Munster nodded gratefully.
“The letter is the first thing, of course. It’s possible that we won’t be able to track it down at all, obviously, but if we have an amazing stroke of luck. . Well, if somebody remembers it, we’ll know. We’ll have him, Munster, and it’ll be all over there and then!”
Munster said nothing.
“But I don’t think we’re going to have an amazing stroke of luck; I can feel it in my bones. Check the mail procedures at the school in any case-who sorts out incoming mail, if they put stuff in different pigeonholes, that kind of thing. You’ll get an envelope from Majorna to take with you, of course, but there’s nothing special about it, unfortunately. It looks like any other bloody envelope. And be careful-it’s not necessary for all and sundry to know about this letter.”
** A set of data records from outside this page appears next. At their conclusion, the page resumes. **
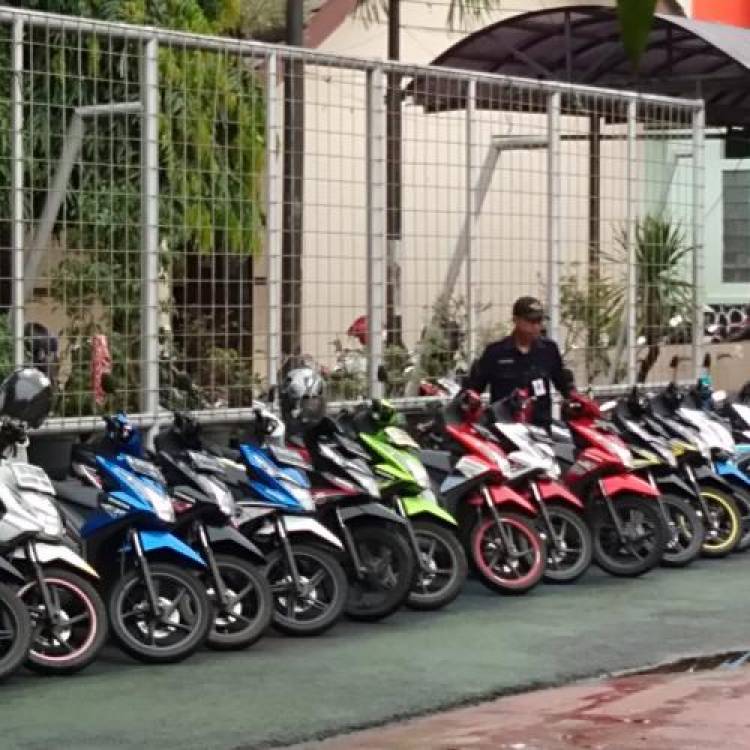 Slamet Satpam SMAN 4 Tangsel Jadi Viral, Susun Motor Sesuai Merek dan Warna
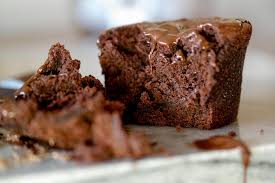 Vous Etes A La Recherche D Un Dessert Rapide Facile Et Hyper Gourmand Voici Notr Recette Fondant Au Chocolat Fondant Au Chocolat Desserts Riches En Proteines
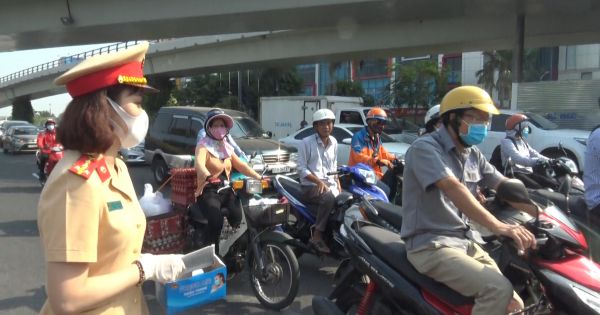 TP HCM: CSGT chung tay cùng cộng đồng phòng chống virus Corona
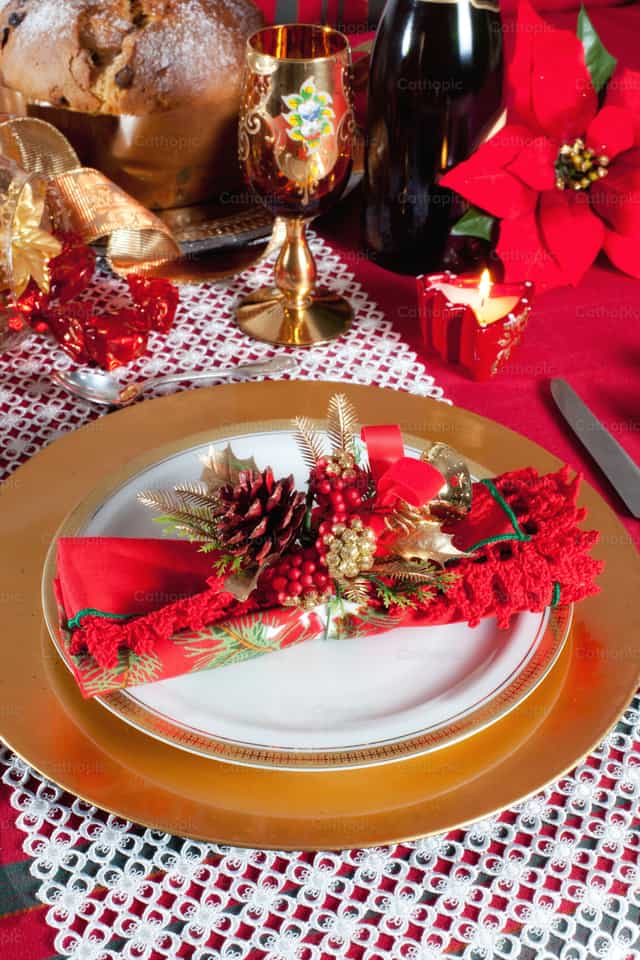 Mesa decorada para la cena de Navidad - Banco de imágenes católicas - Fotografía por Antonio Gravante
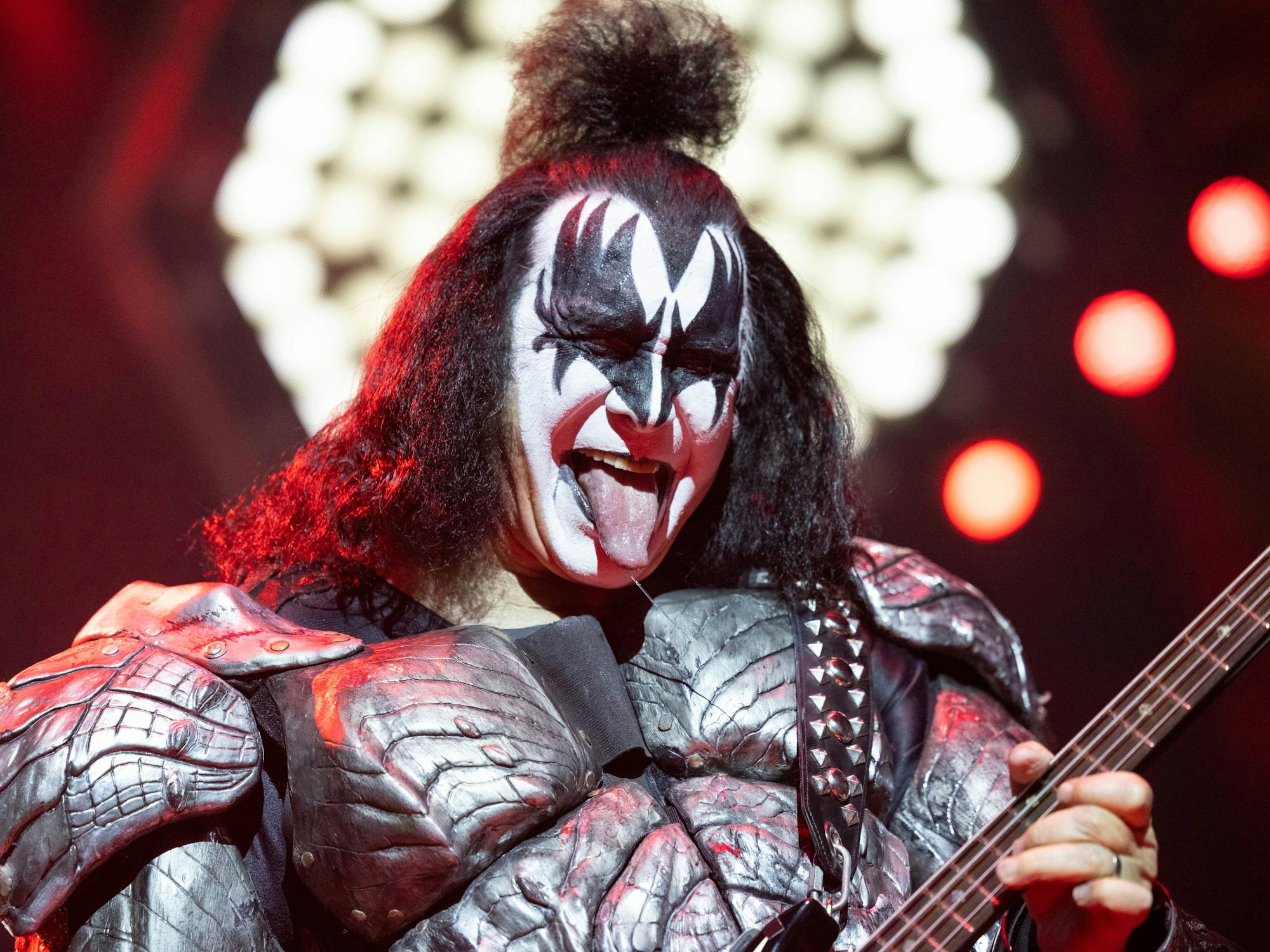 Gene Simmons streckt auf der Bühne die Zunge raus.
“How many teachers are there?” asked Munster.
Van Veeteren pulled a face.
“Seventy, I think. And the bastards get half a ton of mail every week.”
Munster wasn’t sure if Van Veeteren was exaggerating or not.
“What about the pupils?”
“Seven hundred of them,” sighed Van Veeteren. “I don’t suppose they get many letters sent to them at school, but still: seven hundred. Bloody hell!”
“I read a detective story once, about a pupil who started executing his teachers. He disposed of nine of them before they nailed him.”